Events
[PAST] CIIP Lecture: Jostein Hauge
Thursday 12 October 2023CIIP Lecture: The Future of the Factory – How Megatrends are Changing Industrialization – Jostein Hauge
17:30 – 18:30 | Thursday 12 October (followed by networking drinks reception)
IfM Cambridge, 17 Charles Babbage Road, CB3 0FS
In this lecture, Jostein Hauge will present his new book:
The Future of the Factory – How Megatrends are Changing Industrialization
For centuries, industrialization and factory-based production have been core ingredients in economic growth, development, and innovation. This symbiotic relationship between industrialization and economic prosperity is now changing. ‘Megatrends’ – trends within the domains of technology, economy, society, and ecology that have a global impact – are changing the ability of the manufacturing sector to serve as the engine of growth, changing traditional ideas of technological progress, and changing growth and development opportunities in both the global South and the global North.
Four megatrends are particularly worthy of note: the rise of services, digital automation technologies, globalization of production, and ecological breakdown. In this book, Jostein Hauge provides a novel analysis of how these megatrends are changing industrialization, and charts new pathways for industrial policy and global governance. He also offers a wide-ranging account of the role of technology, globalization, and ecology in shaping the world economy. The Future of the Factory shows that industrialization remains a cornerstone of economic prosperity, but that power asymmetries in the world economy create uneven opportunities for achieving economic growth, development, and industrialization.
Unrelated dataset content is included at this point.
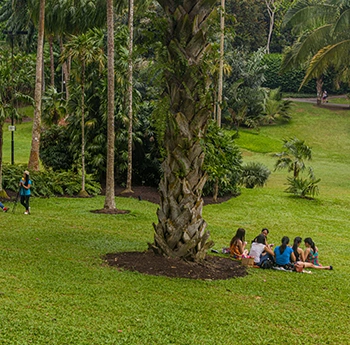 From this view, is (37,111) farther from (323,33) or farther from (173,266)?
(173,266)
Jostein Hauge, Assistant Professor, Department of Politics and International Studies, University of Cambridge
Jostein Hauge is a political economist and an Assistant Professor at the University of Cambridge, based at the Centre of Development Studies and the Department of Politics and International Studies. He is also a Fellow of Magdalene College. His research lies at the intersection of international political economy and development economics.